Exact Inference Revisited
Casting exact inference as an optimization problem.
Given factorized distribution
$$
P_{\Phi} (\mathcal{X}) = \frac{1}{Z} \prod_{\phi \in \Phi} \phi(U_\phi)
$$
- $ U_\phi = Scope[\phi] \subseteq \mathcal{X} $: the scope of each factor.
Goal: Answering queries about $ P_{\Phi} $
- Marginal probabilities of variables,
- partition function $ Z $.
Recall:
- Clique tree BP results in a calibrated cluster tree $ \Rightarrow $ all pairs of adjacent cliques are calibrated (by definition).

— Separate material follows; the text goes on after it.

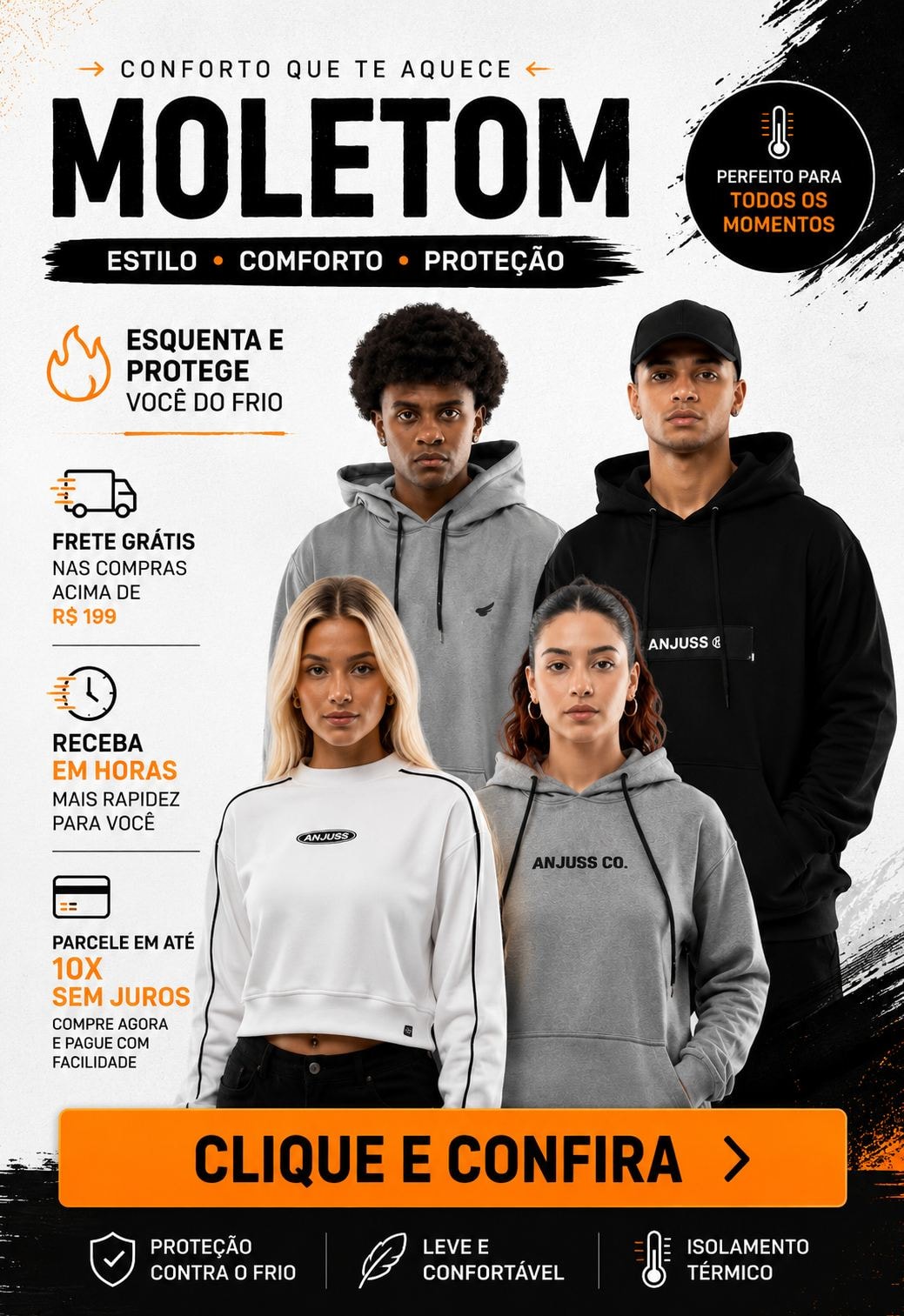 Moletom - Anjuss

- Calibrated set of beliefs $ Q $ for the cluster tree represents a distribution $ P_\Phi (\mathcal{X}) $.
âšī¸
Can view Exact Inference as searching for a calibrated
distribution $ Q $ that matches $ P_\Phi \rightarrow $ minimizes relative entropy $ \mathbb{D}(Q || P_\Phi) $
CTree-Optimize-KL
Given a set of beliefs
$$
Q = \{ \beta_i : i \in V_{\mathcal{T}} \} \cup \{ \mu_{i,j} : (i-j) \in E_{\mathcal{T}} \}
$$
- $ \mathcal{T} $: clique tree structure for $ P_\Phi $.
- $ \beta_i $: beliefs over cluster $ C_i $.
- $ \mu_{i, j} $: beliefs over sepset $ S_{i, j} $.
The set of beliefs in $ T $ defines a distribution $ Q $ due to the calibration requirement:
$$
\boxed{ Q(\mathcal{X}) = \frac{\prod_{i \in V_{\mathcal{T}}} \beta_i}{\prod_{(i - j) \in E_{\mathcal{T}}} \mu_{i, j}} }
$$
Calibration requirement ensures $ Q $ statisfies the marginal consistency constrants: For each $ (i - j) \in E_{\mathcal{T}} $, the beliefs on $ S_{i, j} $ are the marginal of $ B_i $ (and $ B_j $).
$$
\mu_{i, j} (S_{i, j}) = \sum_{C_i - S_{i, j}} \beta_i (C_i) = \sum_{C_j - S_{i, j}} \beta_j (C_j)
$$
From Theorem 10.4
$$
\beta_i[c_i] = Q(c_i)
$$
$$
\mu_{i, j}[s_{i, j}] = Q(s_{i, j})
$$
CTree-Optimize-KL
Find $ Q = \{ \beta_i : i \in V_{\mathcal{T}} \} \cup \{ \mu_{i,j} : (i-j) \in E_{\mathcal{T}} \} $
Maximizing $ - \mathbb{D} (Q || P_\Phi) $
subject to
$$
\mu_{i, j} (s_{i, j}) = \sum_{C_i - S_{i, j}} \beta_i (c_i) \quad \forall (i - j) \in E_T, \forall s_{i, j} \in Val(S_{i, j})
$$
$$
\sum_{c_i} \beta_i (c_i) = 1 \quad \forall i \in V_T
$$
- if $ \mathcal{T} $ is a proper cluster tree for $ \Phi $, there is a set $ Q $ that induces a distribution $ Q = P_\Phi $.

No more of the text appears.